[Short web captions]
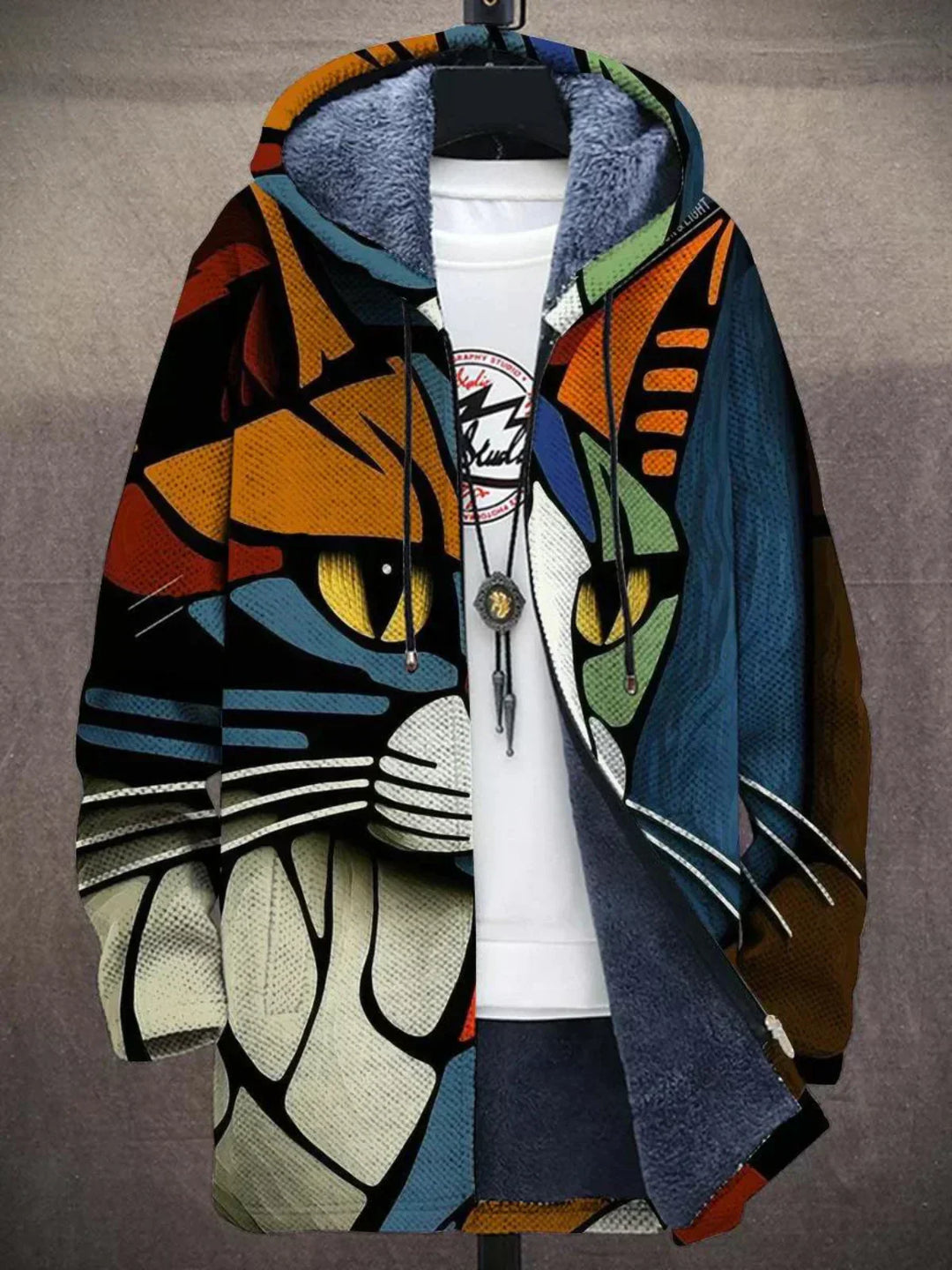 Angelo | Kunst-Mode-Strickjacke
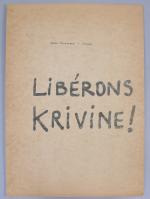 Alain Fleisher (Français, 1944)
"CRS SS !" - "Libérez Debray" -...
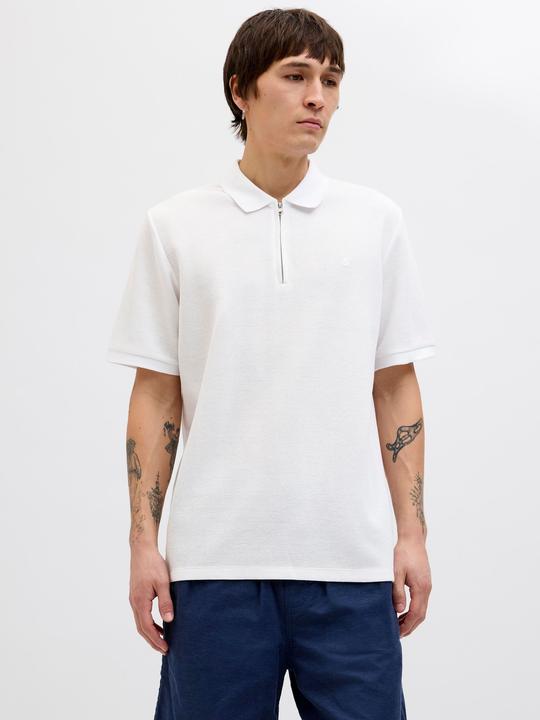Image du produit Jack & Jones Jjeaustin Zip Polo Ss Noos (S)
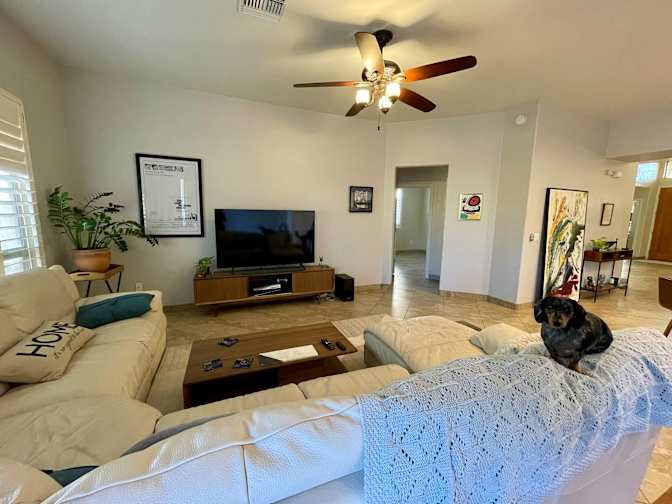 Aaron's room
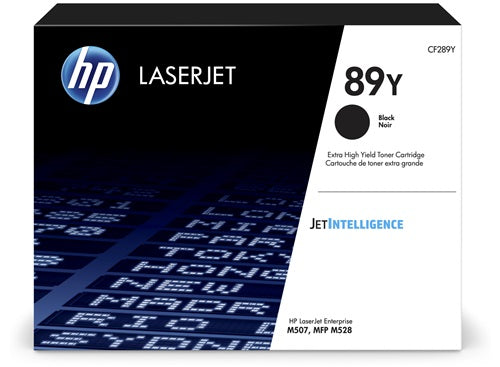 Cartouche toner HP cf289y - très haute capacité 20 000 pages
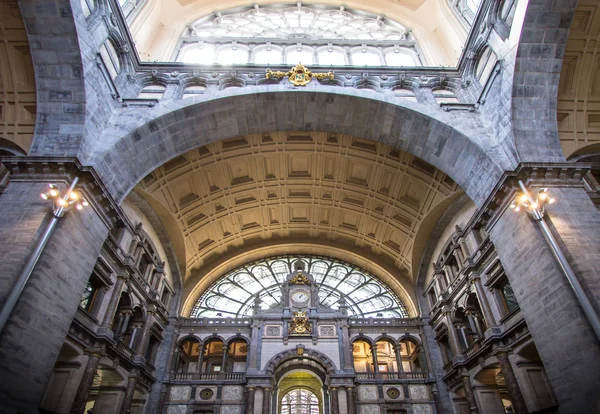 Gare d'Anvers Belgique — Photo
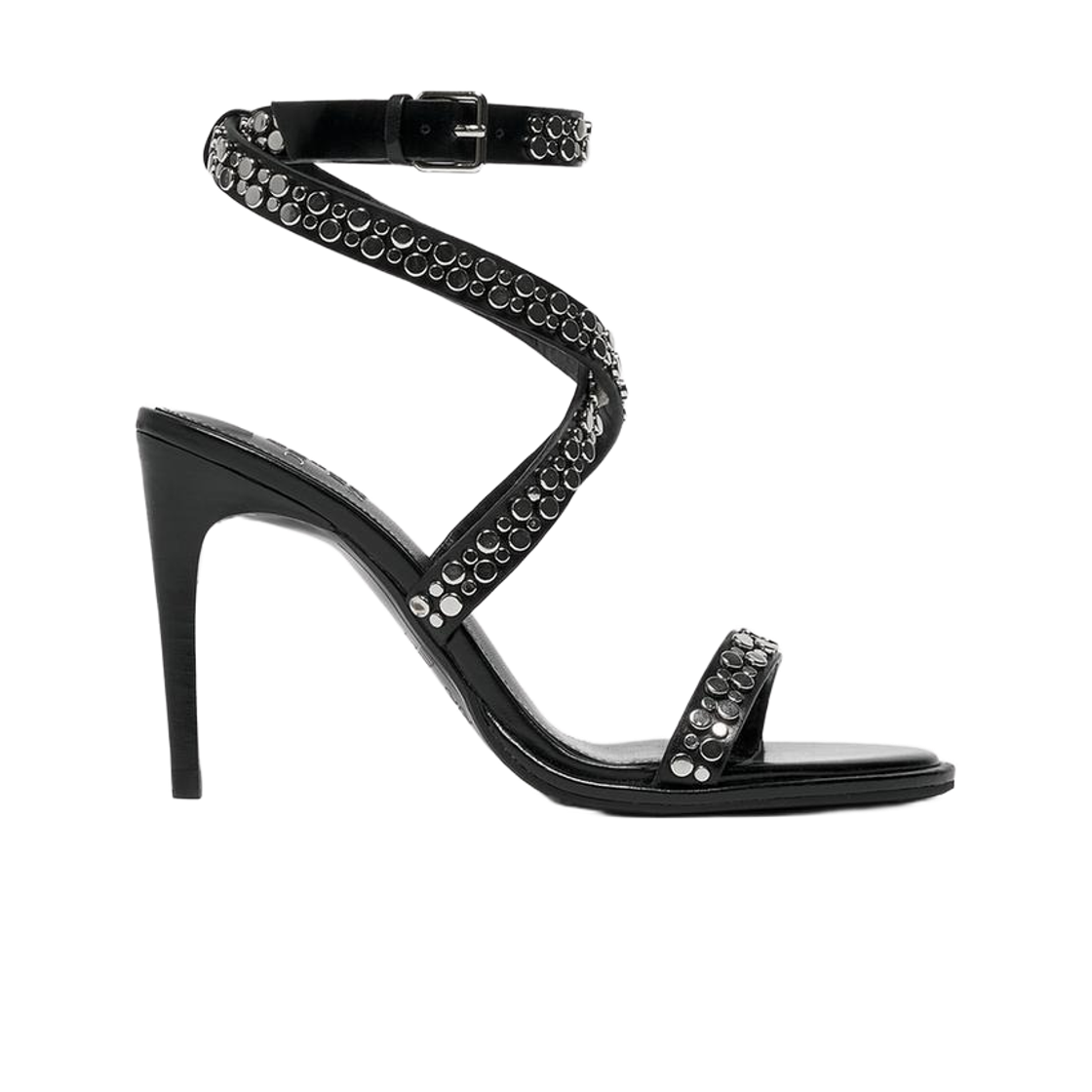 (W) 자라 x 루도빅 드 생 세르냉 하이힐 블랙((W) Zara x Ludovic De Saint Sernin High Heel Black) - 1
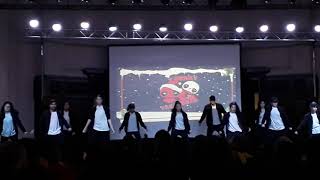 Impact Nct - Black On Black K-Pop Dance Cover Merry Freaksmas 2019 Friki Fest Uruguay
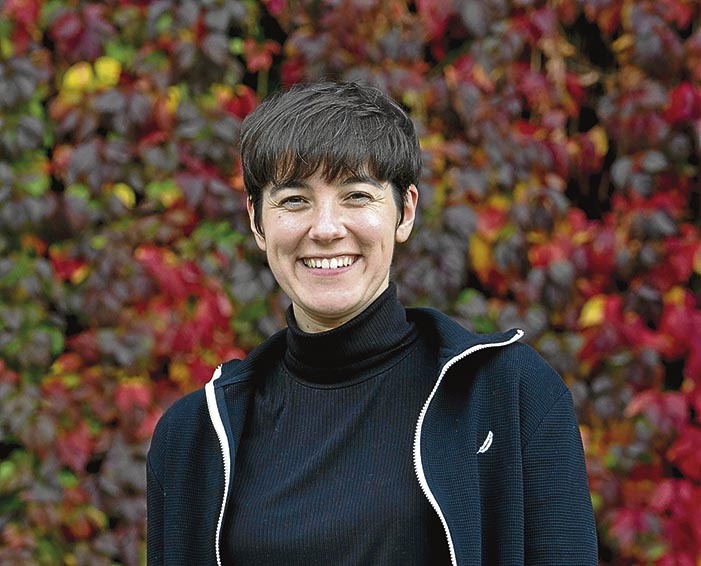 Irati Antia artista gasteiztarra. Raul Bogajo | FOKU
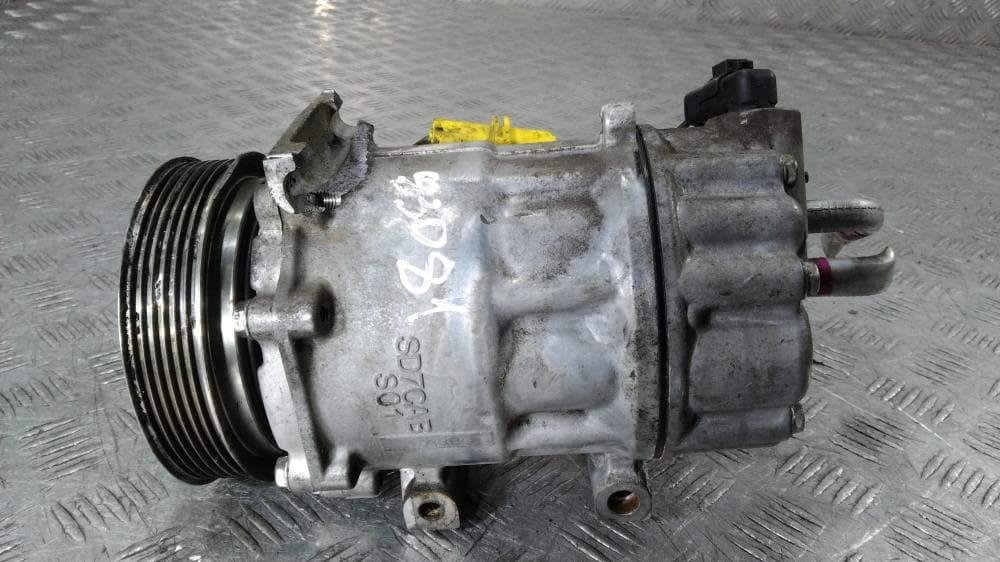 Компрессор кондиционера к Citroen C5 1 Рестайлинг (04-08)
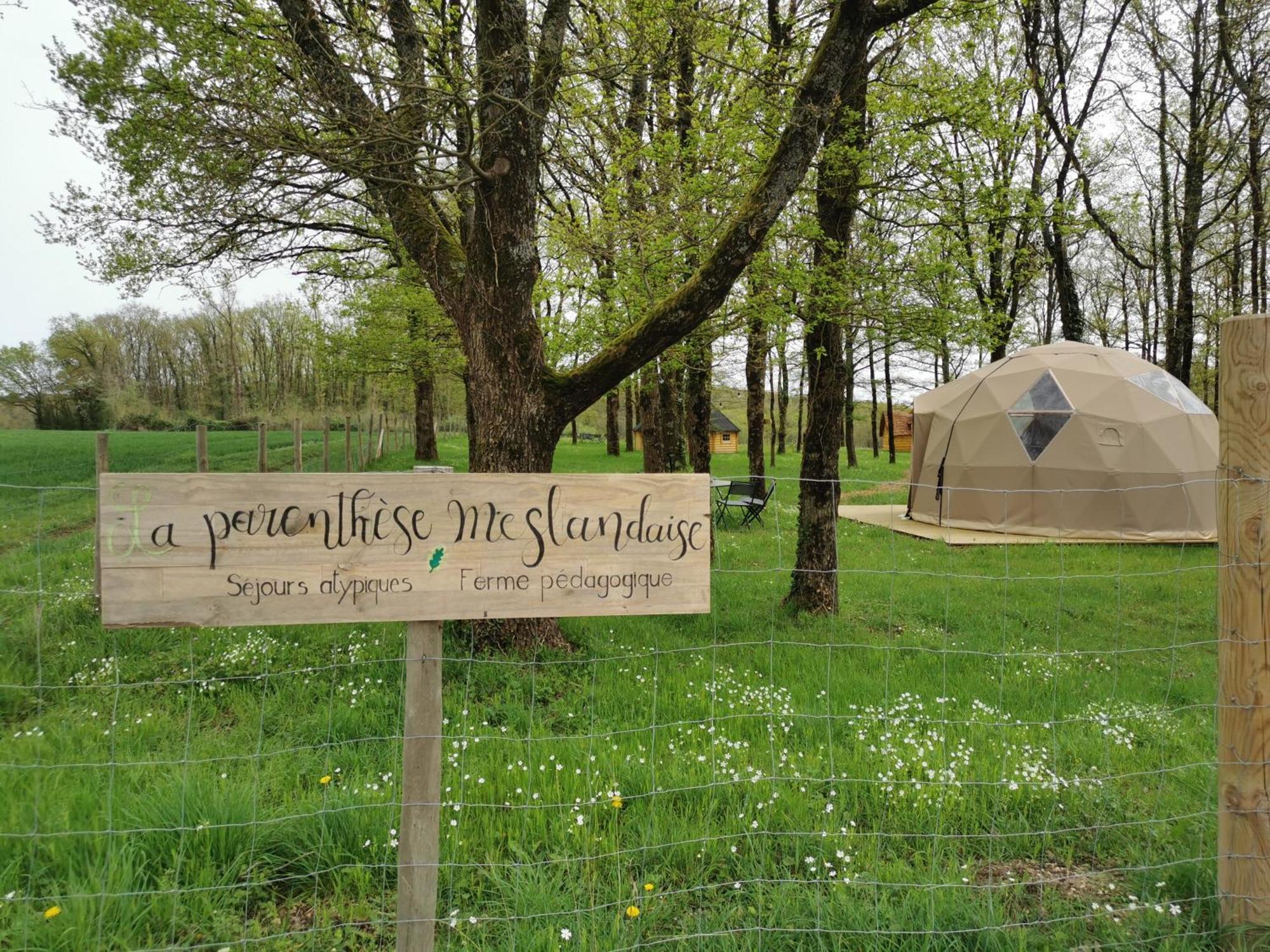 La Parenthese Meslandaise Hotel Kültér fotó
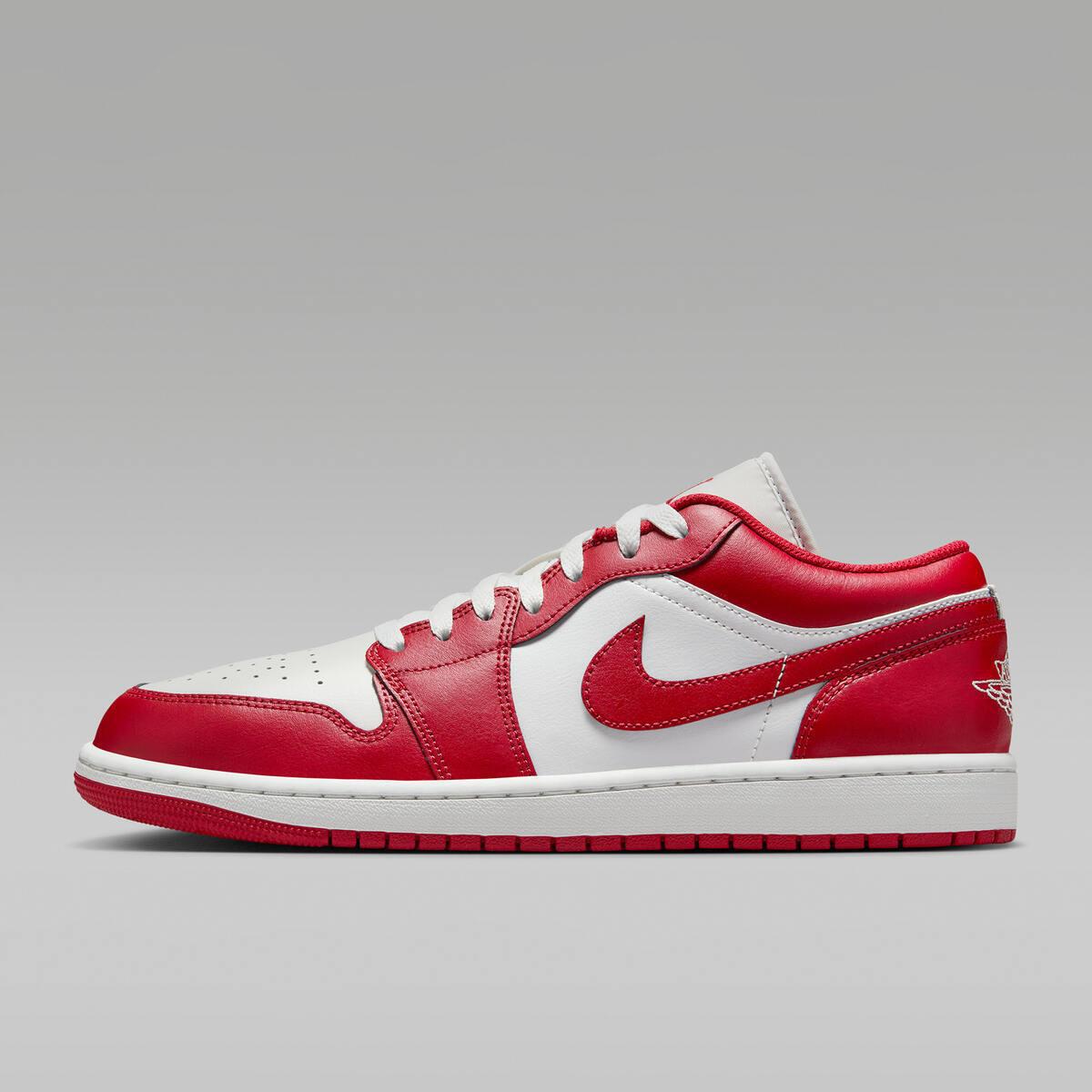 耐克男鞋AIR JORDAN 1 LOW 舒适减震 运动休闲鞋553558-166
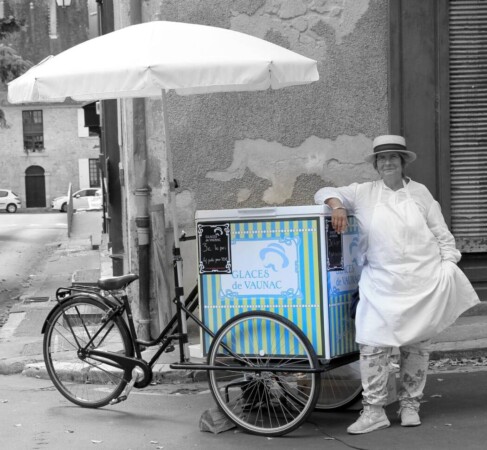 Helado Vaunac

## YOUR ASSIGNMENT:
What is needed is every record above, returned exactly, with the pictures omitted.

## TASK RESPONSE:
 Angelo | Kunst-Mode-Strickjacke
 Alain Fleisher (Français, 1944)
"CRS SS !" - "Libérez Debray" -...
Image du produit Jack & Jones Jjeaustin Zip Polo Ss Noos (S)
 Aaron's room
 Cartouche toner HP cf289y - très haute capacité 20 000 pages
 Gare d'Anvers Belgique — Photo
 (W) 자라 x 루도빅 드 생 세르냉 하이힐 블랙((W) Zara x Ludovic De Saint Sernin High Heel Black) - 1
 Impact Nct - Black On Black K-Pop Dance Cover Merry Freaksmas 2019 Friki Fest Uruguay
 Irati Antia artista gasteiztarra. Raul Bogajo | FOKU
 Компрессор кондиционера к Citroen C5 1 Рестайлинг (04-08)
 La Parenthese Meslandaise Hotel Kültér fotó
 耐克男鞋AIR JORDAN 1 LOW 舒适减震 运动休闲鞋553558-166
 Helado Vaunac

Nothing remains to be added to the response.